Subdomain Enumeration: Filter Wildcard Domains

When doing subdomain enumeration, you are likely to encounter a domain that is a wildcard. Such domains respond to DNS queries with a record/records, which are not explicitly defined in the DNS zone. In other words, if the DNS zone does not hold a record for a particular subdomain, a fallback is made to its wildcard entry.

zone

In the example above, the admin.0xpatrik.com and sub.0xpatrik.com respond with 1.2.3.4 and 4.3.2.1 respectively, while any other subdomain would respond with 1.1.1.1, not NXDOMAIN! This is a valid, yet obscure behavior of DNS servers.

Such a function can cause a lot of trouble because you will start enumerating targets, that doesn't even exist.

This post presents techniques to detect and filter the wildcard domains during subdomain enumeration.

Detection

One of the simplest indicators of the wildcard domain is a large number of its valid subdomains. The simplest way to confirm this case is by running a DNS query on subdomains that you are certain that does not exist as such:

Wildcard DNS

As you can see, this query resulted in valid results! This is the first hint that you are probably dealing with the wildcard domain. To verify that this is indeed a wildcard domain, you can run one more test to confirm it:

Wildcard DNS

Schema starting with a * (*.example.com) is used to denote wildcard entry. As you can see this resulted in another valid record set in the ANSWER section.

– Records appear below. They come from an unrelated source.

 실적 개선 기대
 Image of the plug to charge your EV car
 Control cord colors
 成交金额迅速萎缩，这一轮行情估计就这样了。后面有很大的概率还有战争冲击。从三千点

Perfect, you are now able to recognize wildcard domains. The real world is, however, a little more difficult than that. There is no rule, that the wildcard domain needs to be under the root domain. Take for example *.amazonaws.com and *.s3.amazonaws.com. As you will see after running the queries for these domains, only the latter responds with a valid record. Therefore, you need to recognize to which root or subdomain is a wildcard domain applied.

Filtration

We should be able to correctly filter out the non-existing domains from the existing ones. With that in our hands, we can continue with the recon and enumeration as there is no wildcard domain in the first place. However, this can't be done in all cases:

  • Some configurations allow wildcard entries but do not respond to *.example.com query.
  • Some configurations allow all subdomains to resolve to one domain and different content is served based on Host HTTP header (like *.herokuapp.com).

With this in mind, we can create a heuristic for filtering the non-existing subdomains under the root that allow wildcard entries like so:

  1. Given the domain (something.sub.example.com), obtain its records (like 1.1.1.1)
  2. Replace the highest subdomain level with * and try to resolve it (*.sub.example.com)
  3. If you get no results, continue until you reach the root domain (*.example.com)
  4. If you end up with no results, there is no wildcard domain and the given domain in step one is likely valid.
  5. If you get any response from wildcard queries, compare it to the results you got from 1. If these results equal, the domain is likely not valid.
  6. If these do not equal, the domain is likely valid.

It is important to compare the results with the wildcard results in higher domains. For instance, if both *.sub.example.com and *.example.com respond with valid results, you compare the results for *.sub.example.com.

I deliberately say records, because there are instances when wildcard queries respond with multiple records (e.g. *.herokuapp.com). When implementing automated filtering, you should compare sets instead of lists while many of the records can be unordered.

The last issue I want to talk about is anycast DNS. I have seen cases where the wildcard domain responds with multiple values, however, these are presented one at the time. In this case, automating the filtering is really tough as you need to enumerate all the possible values you would then compare against the potential subdomains.